Tom Rixom wrote:
How do you explain that Microsoft Clients almost all use MSCHAP in some form to authenticate and that all Microsoft passwords are stored in encrypted form... ;)
remark: i've never talked about encryption. encryption is always reversible, provided that you have the key.
i've also never tried to explain ms-chap. simply read the original mail, there is a claim inside which can be understood as "take hashX, store the passwords hashed with hashX, and it'll be ok for your challenge/response system". ahem, no, it won't!
I can't recall the exact specs of MSCHAPV2 but the I remember it to be
something like:
Client Server <------------------- CHALLENGE ----> HASH( CHALLENGE + NTHASH(PASSWORD))
server retrieves NTHASH(PASSWORD) from LDAP database.
server verifies HASH(CHALLENGE + NTHASH(PASSWORD))

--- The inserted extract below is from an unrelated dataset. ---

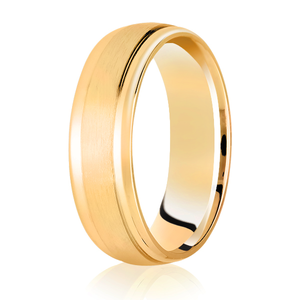 9ct Yellow Gold Brushed Centre Half Round Diamond Cut Edges 4mm Wedding Ring - E Bixby Jewellers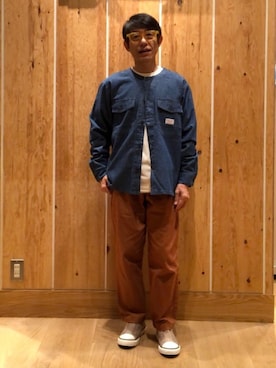 「SMITH'S（スミス）のアイテム（トップス）」を使った、よしおさんさん（メンズ・162cm）の夏コーディネート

what you've sent here is exactly what i've sent: replace password with nthash(password). this is like renaming X to Y. if i am an attacker and i'm trying to attack such a system, why would i bother to want to know the password? the nthash of it is sufficient. even the dictionary attack is not really more difficult here; you have to hash twice... that's not an improvement.
otherwise it is like chap. i would agree however that in that scheme nthash does not have to be reversible; however, it is not used on the challenge neither. thus, that was not the point of my email.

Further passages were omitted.